What you should do: Except for the pictures, retype the records that follow exactly.
[Extracted entries]
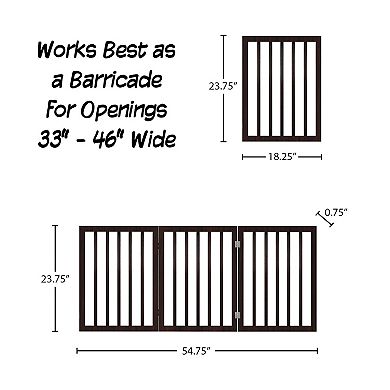 Pet Adobe Freestanding Black 3 Panel Pet Gate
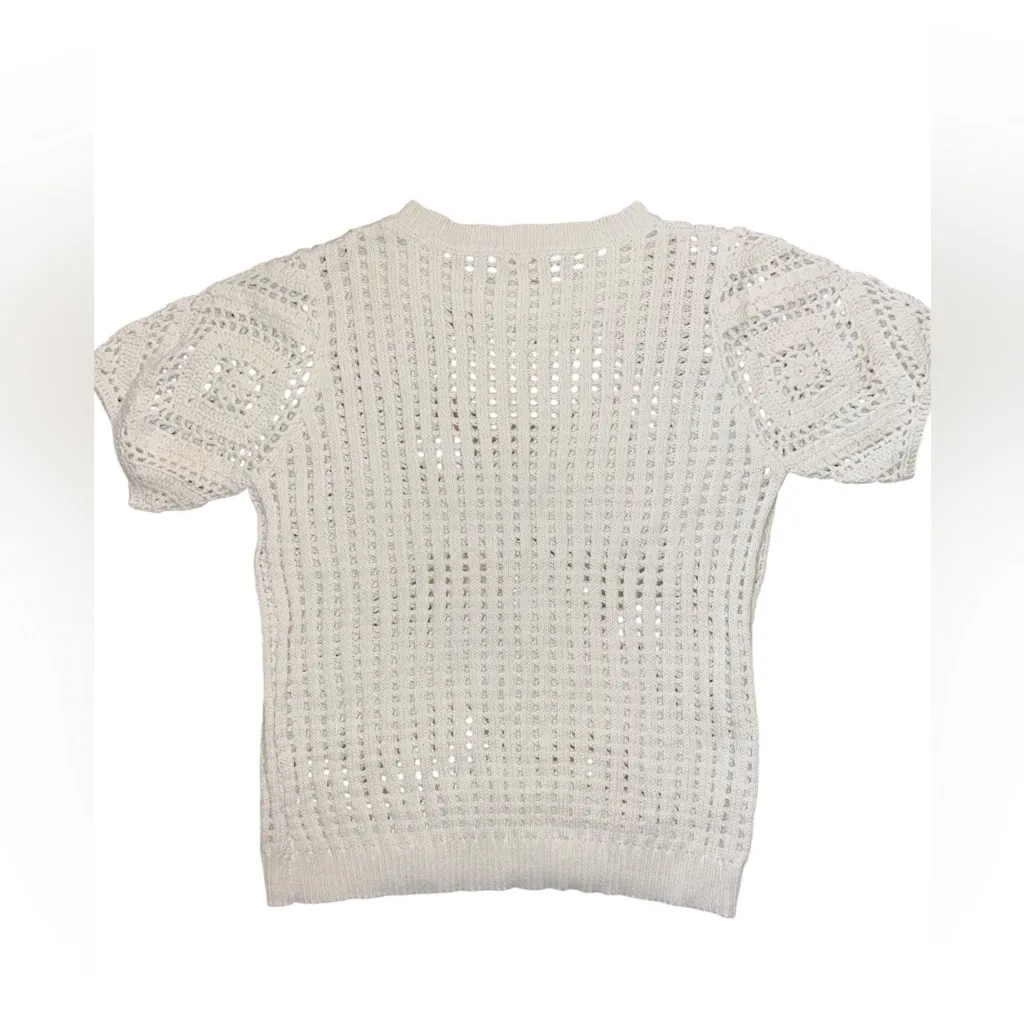 BiBi Ivory Crochet Knit Top White Size XL - Image 4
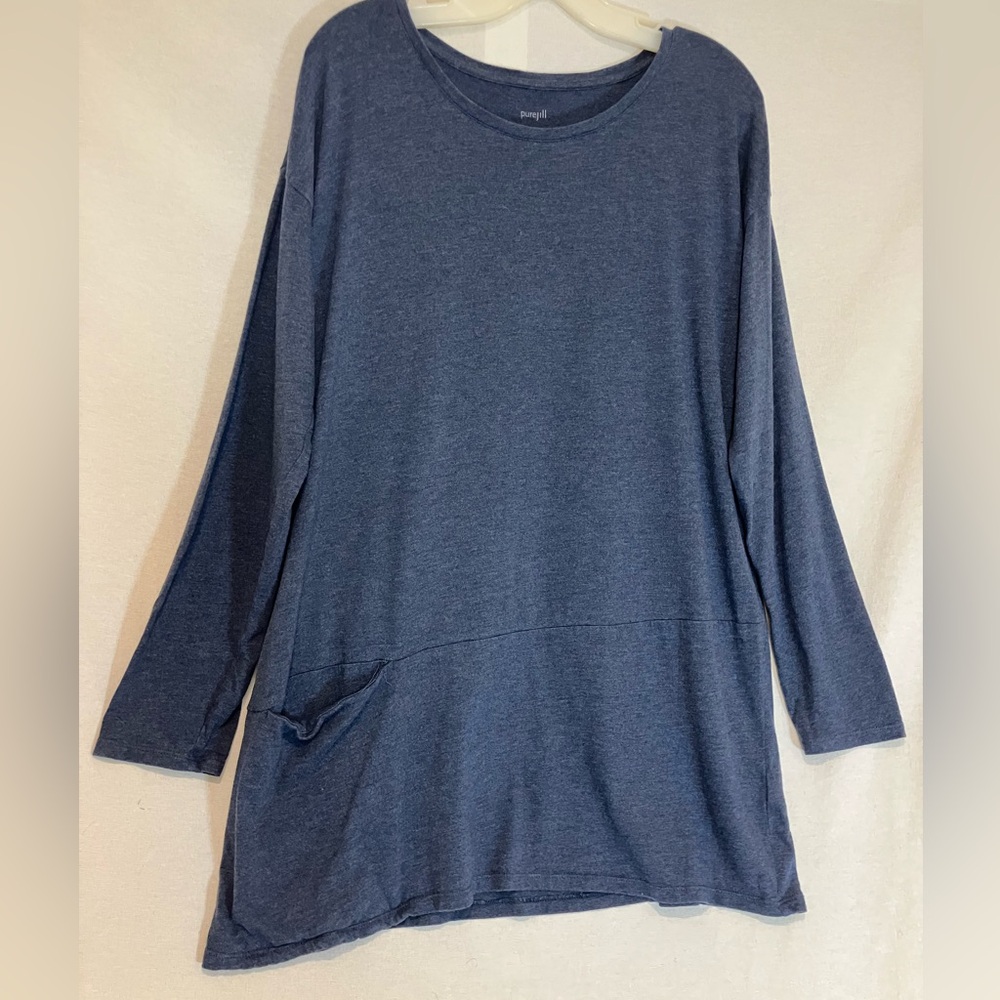 J. Jill Pure Jill Tunic Women's Size L Super Soft Seam Pocket Pima Cotton Blue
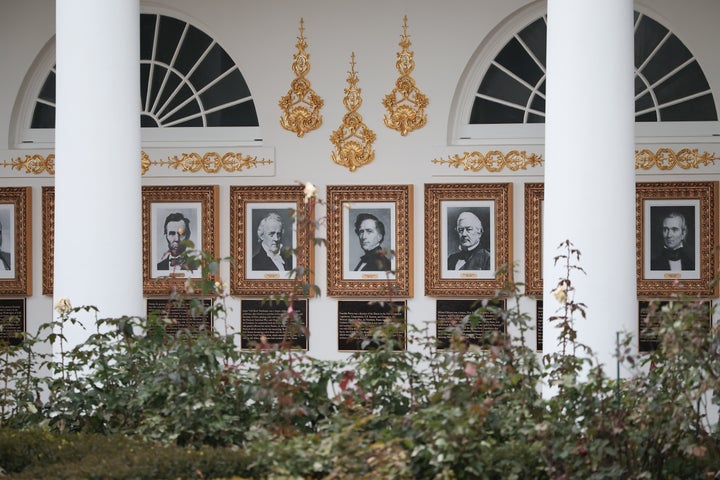 j 2 Newly installed plaques summarizing the Trump White House-interpreted legacies of former U.S. presidents Abraham Lincoln, James Buchanan, Franklin Pierce and Millard Fillmore are displayed along the colonnade, or “Presidential Walk of Fame,” on December 17, 2025 in Washington, DC.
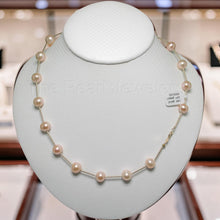 Load image into Gallery viewer, Pink Pearl &amp; 14k Yellow Gold Twist Tube Necklace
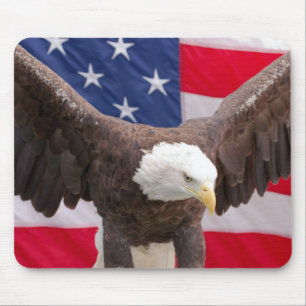 Mousepad Águia Balda com o Pad do Rato de Bandeira American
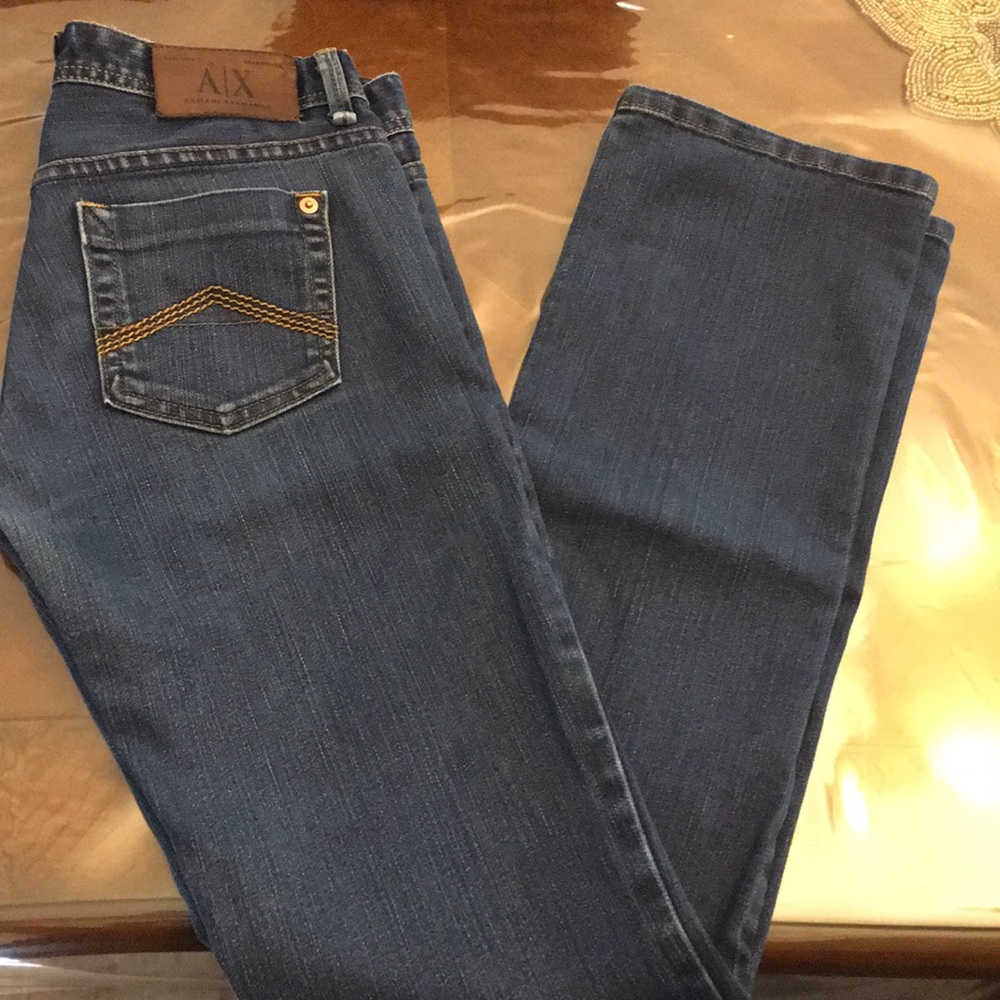 Armani exchange dark denim straight leg jeans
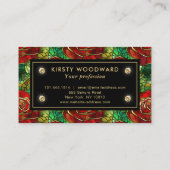 Elegantes Glasmuster aus Rote Rose Visitenkarte (Rückseite)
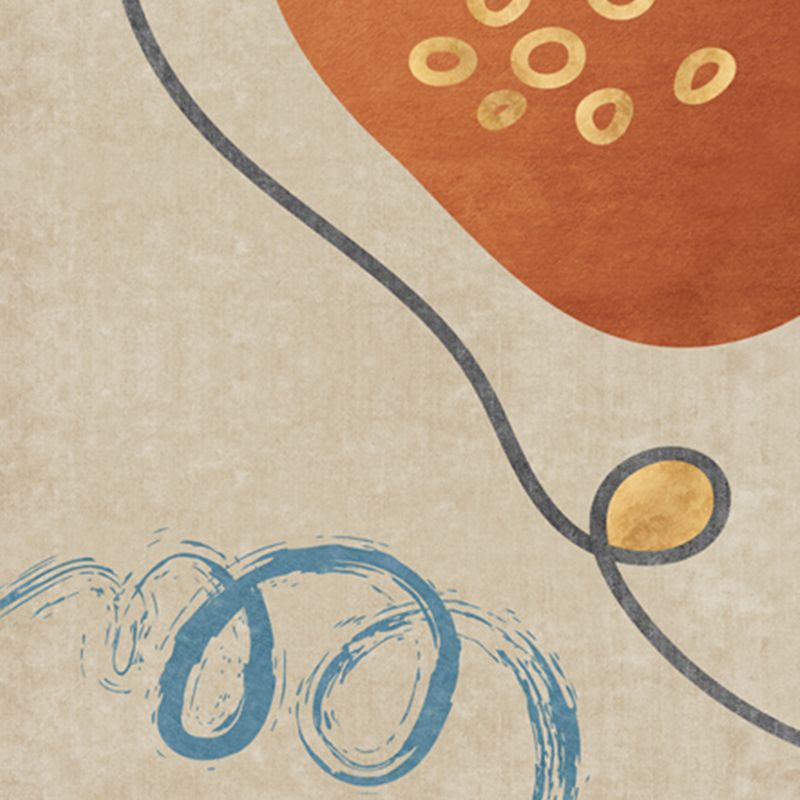 Minimalist Color Block Rug Apricot Tone Polyester Area Carpet Non-Slip Backing Rug for Living Room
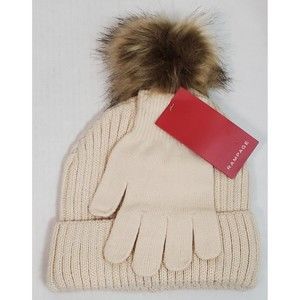 Rampage Womens Pom Pom Beanie Winter Hat Toboggan With Gloves Tan/Cream New!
[/Extracted entries]
Your response:
 Pet Adobe Freestanding Black 3 Panel Pet Gate
 BiBi Ivory Crochet Knit Top White Size XL - Image 4
 J. Jill Pure Jill Tunic Women's Size L Super Soft Seam Pocket Pima Cotton Blue
 j 2 Newly installed plaques summarizing the Trump White House-interpreted legacies of former U.S. presidents Abraham Lincoln, James Buchanan, Franklin Pierce and Millard Fillmore are displayed along the colonnade, or “Presidential Walk of Fame,” on December 17, 2025 in Washington, DC.
 Load image into Gallery viewer, Pink Pearl &amp; 14k Yellow Gold Twist Tube Necklace
 Mousepad Águia Balda com o Pad do Rato de Bandeira American
 Armani exchange dark denim straight leg jeans
 Elegantes Glasmuster aus Rote Rose Visitenkarte (Rückseite)
 Minimalist Color Block Rug Apricot Tone Polyester Area Carpet Non-Slip Backing Rug for Living Room
 Rampage Womens Pom Pom Beanie Winter Hat Toboggan With Gloves Tan/Cream New!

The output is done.